Mr O'Reilly says despite the almost-biblical disasters of fires and plague, he's hoping this catastrophic era will see the tourism industry rebuild itself in a better form.
He says even without the insurance dilemma, the current demands of government regulations were slowly suffocating industry players.
"We actually employ a full-time compliance officer just to fill out all the necessary forms, it's an all-day, every day job," he says.
"Australia's tourism industry is built on our reputation as a safe and clean country, I understand the need to protect that, but we really have gone too far.
"The amount of time and money wasted on red tape is ridiculous.
"I'm hoping these crises will shine a light on some of the issues in the tourism industry and we can come out of it stronger, with some structural changes.
"My great-uncle and grandparents, they never would have dreamt that it would come to this.

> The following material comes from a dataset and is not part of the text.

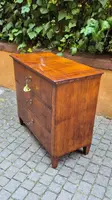 Small antique 19th-century chest of drawers in the Louis XVI style, veneered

"When I think of Bernard and his search for the survivors of the Stinson crash, he always said he believed that was his life's purpose - his love for and knowledge of the bush made him the right man at the right time.
"We need to get back to a place where, as the third and fourth generations on this land, we can look after it, protect it, and showcase it to travellers from around Australia and the world.
"I would hate to shut down O'Reilly's and go back to cattle farming, for the sake of our family and the whole region, but this is a game of survival right now."